Leza Ward wants the voice of support workers to be heard. Photo / Warren Buckland
Leza Ward wants the voice of support workers to be heard. Photo / Warren Buckland
A home support worker says if Hawke's Bay District Health Board had talked more to those it contracts to help elderly clients, it could have avoided the mea culpa over its home help cut letter.
Leza Ward, who's been in the job for more than 14 years, says those whodo basic chores for the elderly felt "undervalued" and "not respected".
The Public Service Association, which represents home support workers, is currently calling for DHBs around NZ to meet with them, saying there has been a refusal at high levels to properly fund and implement guaranteed hours of work.

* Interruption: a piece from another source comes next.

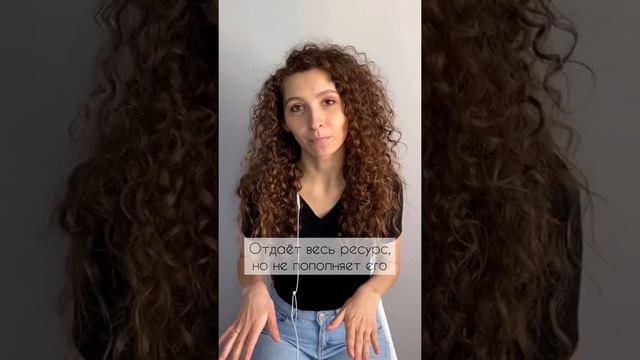 ЭМОЦИОНАЛЬНОЕ ВЫГОРАНИЕ смотреть онлайн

It comes after Hawke's Bay District Health Board [HBDHB] sent a letter out to 605 people telling them their help with home chores would be cut, adding that housework was a good way to keep fit and healthy.
The cut, which was only for those 65-plus and not those with more complex home help needs, was quickly reinstated and an apology issued after a community backlash.
Napier-based Ward, a single mum with two grown children, said she had seen thousands of clients.
Home support workers spend a short period of time with each client, generally an elderly or disabled person or injured person in need of help with things like housework, meal preparation and personal hygiene, to enable them to continue to live independently.
"We see the client, what they are doing, the decline, and yet we were not consulted when the Hawke's Bay DHB decided to make the cuts.
"They do not talk to us."
Leza Ward believes the DHB and Access NZ should communicate better with their support workers. Photo / Warren Buckland
Ward said clients could die or no longer need help, and with no guarantee of a replacement, she would suddenly lose income.
"I need a second job to up my income. I struggle. I have been on low hours for so long I have given up hope of getting more hours.
"We are screaming out for work."
Ward said she got a message about the cuts from Access Community Health a day before Hawke's Bay Today published the first story about basic housework services being ceased.
She said money was tight and she couldn't afford a cut in the hours, yet somehow the DHB had overlooked not just elderly clients, but the views of support workers.
"I just hope that the DHB will maybe talk to us and maybe say 'look this is the situation, what do you think, how can we help you do your job so you can help the elderly, the infirm, and be happy' and we might not have all the answers or the right ideas, but we have some.
"We watch people decline, die and lot of the times if we come across a client who has died, we still go to the next client with a smile. We have to carry on.
"It's when we get home that we break down.
"People forget that we are support workers, not cleaners, not counsellors. Sadly, the only ones that value us are our clients."
HBDHB acting executive director planning and funding Emma Foster said the DHB management acknowledged the 2019 basic housework support review was not robust.
The DHB had begun revisiting that review process to better understand how events transpired, she said.
"DHB management agrees home support workers hold valuable insights into the wellbeing of clients they visit in the home and indeed should be an integral part of any process regarding proposed changes or reviews," Foster said.
The DHB accepted there would be "many learnings" as a result of its review and was committed to putting systems in place to ensure the same situation "never" happened again, she said.
"We thank our providers and their staff for working with us through this next period."